Using the statistical tests described above, we compared three different methods to discriminate between AF and SR.
The first method compared nRMSSD and ShE. Both indices were extracted from the pulse wave tachogram. Sensitivity, specificity, and accuracy were calculated for each of these indices separately and for the combination.
For the second method, a filter was applied to the pulse wave tachogram to eliminate premature beats and other disruptions as described above. This improved the applicability of the method and allowed patients with premature beats to be successfully separated from patients with AF.
For the third method, an additional index SD1/SD2 that was extracted from a Poincaré plot of a 5 min recording was tested. SD1/SD2, nRMSSD, and ShE were calculated from a filtered tachogram. Sensitivity, specificity, and accuracy were then calculated for each method separately and for the combination.
Results
Eighty patients were included in the study (40 patients in AF and 40 patients in SR at the time of examination). Patients in the AF group had a mean age of 80 years (SD ± 8) and patients in the SR group 75 years (SD ± 7). Male-to-female ratio was 2.4 in the AF group and 2.5 in the SR group. The average RR interval was higher in the AF group (AF 887 ± 120 ms and SR 784 ± 144 ms, P = 0.0004).
First method
For the discrimination between AF and SR based on a 2-min pulse wave recording, the ShE yielded a sensitivity and specificity of 85 and 95% respectively, applying a cut-off value of 4.9 (Figure 3). This translates into 34/40 patients classified correctly and 2/40 patients classified incorrectly as AF.
Second method
The application of the tachogram filter improved sensitivity to 87.5%, while specificity remained stable at 95% using the index nRMSSD with a cut-off of 0.09. This translates into 35/40 patients classified correctly and 2/40 patients classified incorrectly as AF (Figure 3).
Third method
By prolonging the recording time from 2 to 5 min and combining the index SD1/SD2 and nRMSSD, sensitivity and specificity increased to 95% with an area under the curve of 0.93 (Figure 4). The cut-off for classification as AF was an nRMSSD of >0.043 and an SD1/SD2 of >0.6. This translates into 38/40 patients classified correctly and 2/40 patients classified incorrectly as AF.
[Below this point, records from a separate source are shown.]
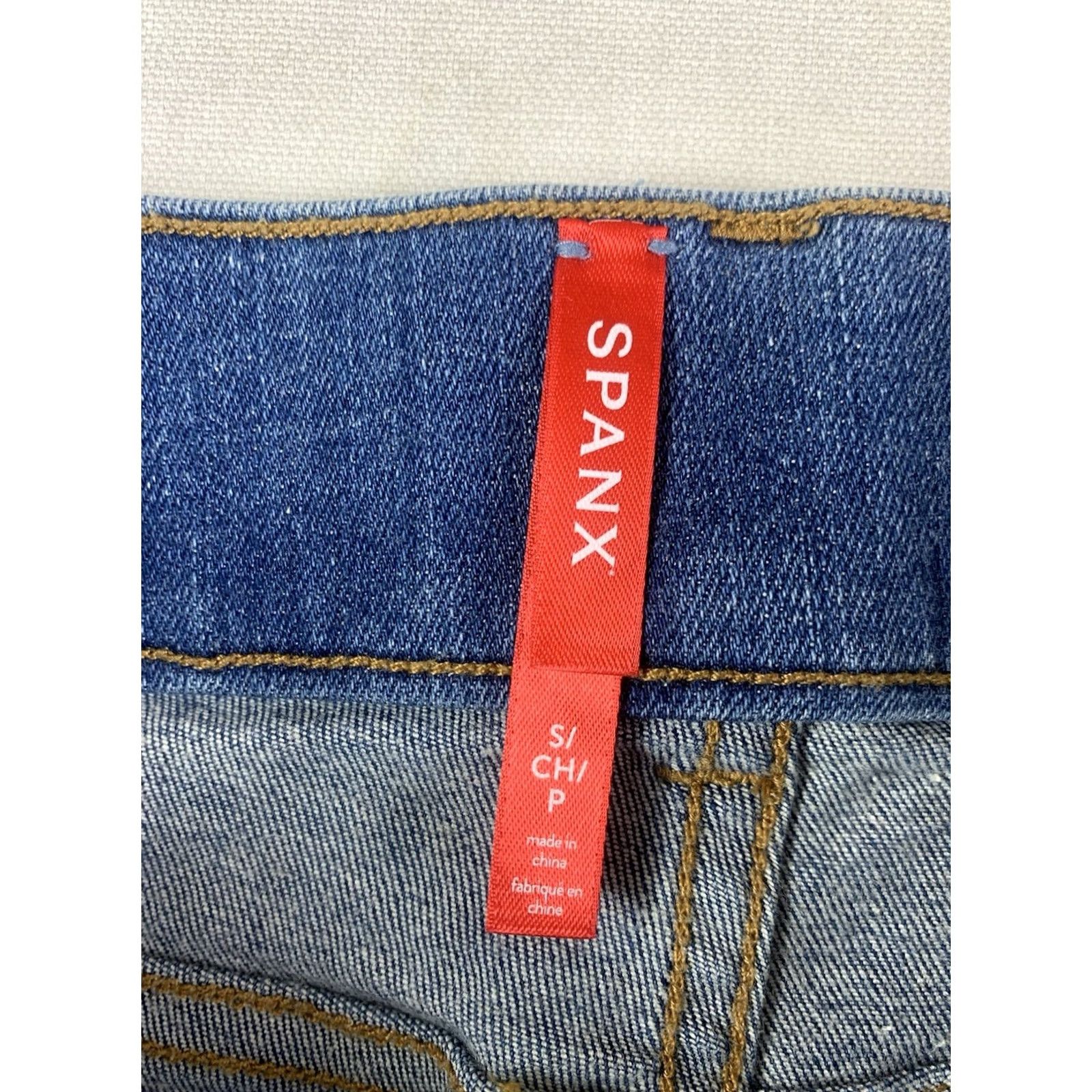 Spanx VINTAGE SPANX Jeans Womens Small Straight Leg pull-on Indigo Size 28" / US 6 / IT 42 - 5 Thumbnail
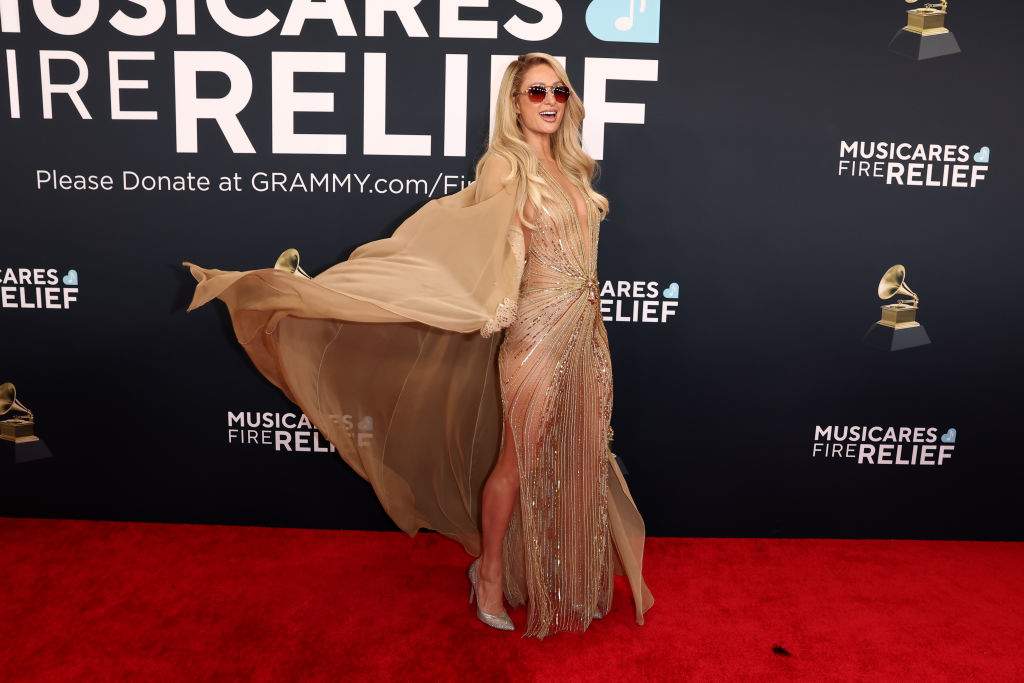 Paris Hilton attends the 67th Annual GRAMMY Awards on February 02, 2025 in Los Angeles, California.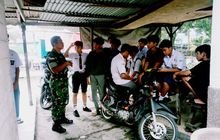 Babinsa Koramil 0201-07/MT Berikan Edukasi Kepada Siswa di Medan Tuntungan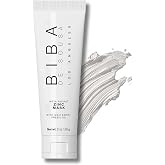 Biba De Sousa The Zinc Mask with Goji Berry Prebiotic - Gentle Pore Purifying Facial Mask - For all Skin Types &amp; Tones - Microbiome Support - Superfruit Blend (2oz)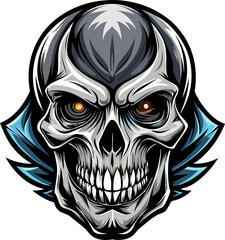 Skull death flat vector icons for apps and games. Human skull png file, 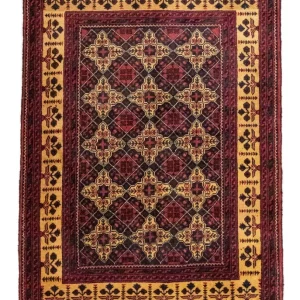 Afghansk teppe - 143 x 105 cm - blå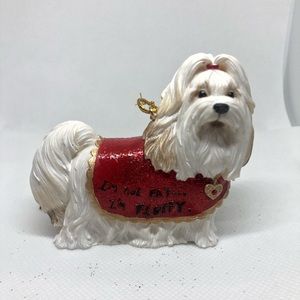 December Diamonds Fluffy Dog Ornament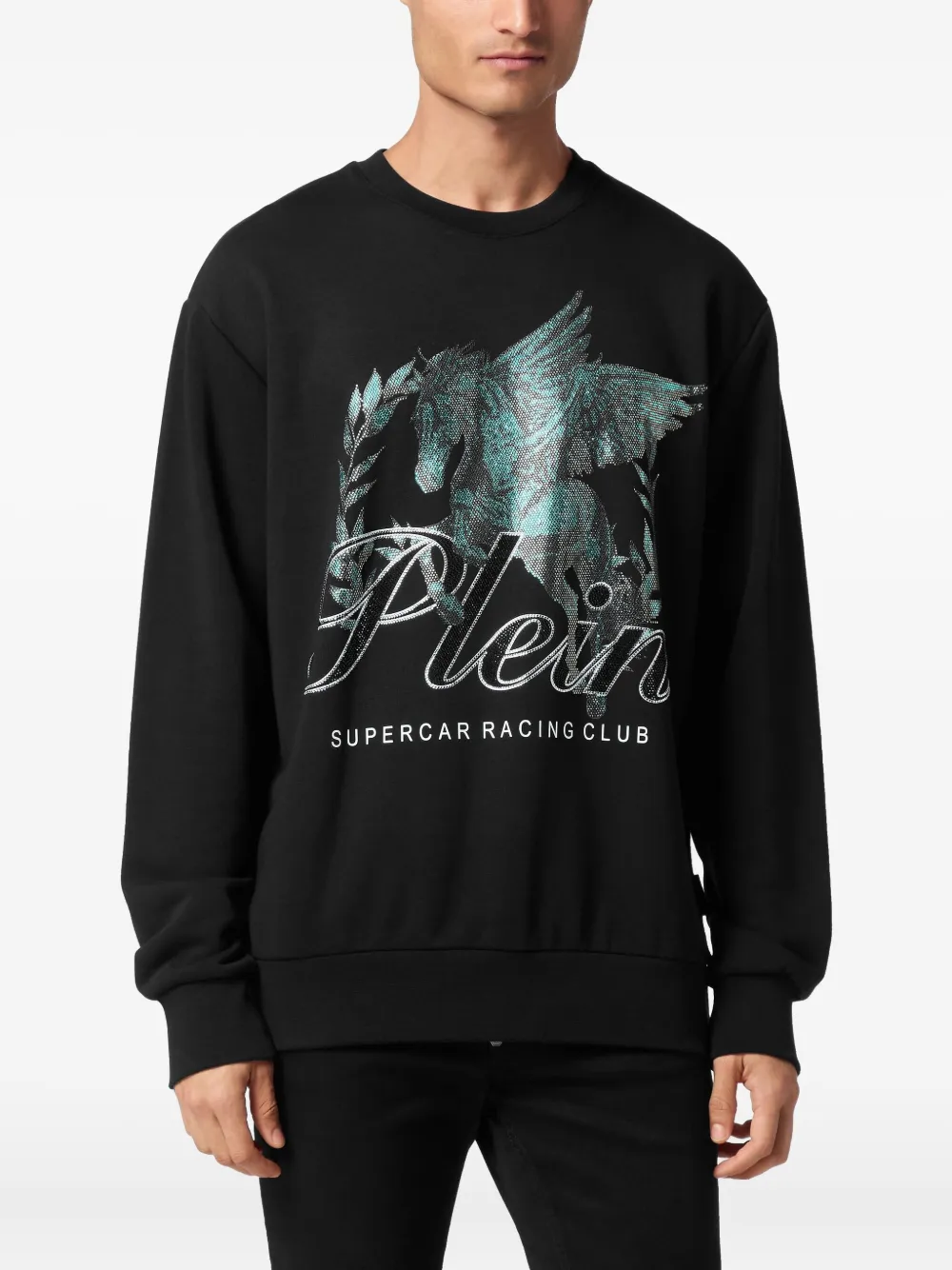 Philipp Plein Racing Club sweater Zwart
Results are presented in detail in Table 1.
Table 1.
SR (mean ± SD) | AF (mean ± SD) | P-value | AUC | Sensitivity (%) | Specificity (%) | |
---|---|---|---|---|---|---|
Method 1 | ||||||
nRMSSD | 0.103 ± 0.093 | 0.298 ± 0.121 | <0.001 | 0.892 | 50 | 95 |
ShE | 3.858 ± 0.711 | 5.350 ± 0.825 | <0.001 | 0.912 | 85 | 95 |
nRMSSD + ShE | – | – | – | 0.917 | 82.5 | 95 |
Method 2 | ||||||
nRMSSD | 0.034 ± 0.026 | 0.146 ± 0.067 | <0.001 | 0.938 | 87.5 | 95 |
ShE | 3.710 ± 0.643 | 5.007 ± 0.790 | <0.001 | 0.911 | 77.5 | 95 |
nRMSSD + ShE | – | – | – | 0.926 | 87.5 | 95 |
Method 3 | ||||||
nRMSSD | 0.039 ± 0.026 | 0.154 ± 0.070 | <0.001 | 0.942 | 77.5 | 95 |
ShE | 4.030 ± 0.697 | 5.187 ± 0.885 | <0.001 | 0.872 | 57.5 | 95 |
SD1/SD2 | 0.447 ± 0.202 | 0.757 ± 0.141 | <0.001 | 0.903 | 77.5 | 90 |
nRMSSD + ShE | – | – | – | 0.966 | 80 | 95 |
ShE+SD1/SD2 | – | – | – | 0.959 | 50 | 95 |
nRMSSD + SD1/SD2 | – | – | – | 0.931 | 95 | 95 |
Comparison and results of the three different methods to differentiate between AF and SR based on the recorded pulse wave signals, using different statistical approaches and combinations thereof.
nRMSSD, normalized root mean square of successive difference of RR intervals; ShE, Shannon entropy; SD1 and SD2 derived from Poincaré plots.
Discussion
Detection of AF for primary prevention and secondary prevention after stroke is a crucial necessity and remains a challenging task. Following the present guidelines, diagnosis of AF has to be confirmed prior to the initiation of anticoagulation therapy.12 We therefore pursued to develop a simple, inexpensive, accessible, and reproducible non-invasive screening method to detect AF.
The principal idea of the method described in this manuscript was demonstrated before by Mc Manus et al. who used a camera and LED light of an iPhone 4S to record pulse waves obtained from the fingertips of 76 patients before and after cardioversion.9 They created an App to transform the optical signal in a wave-shaped curve and tested for distribution of ‘RR’ intervals. With this technique, they could successfully discriminate AF from SR in patients before and after cardioversion with a specificity of 97% and a sensitivity of 96%. We applied the published algorithm to our study data and achieved a reduced sensitivity and specificity of 90 and 85%, respectively. This is most likely due to the fact that we tested consecutive patients and used other patients as controls, whereas Mc Manus et al. tested their algorithm in the same patients before and after cardioversion. We consider our setting closer to the intended use.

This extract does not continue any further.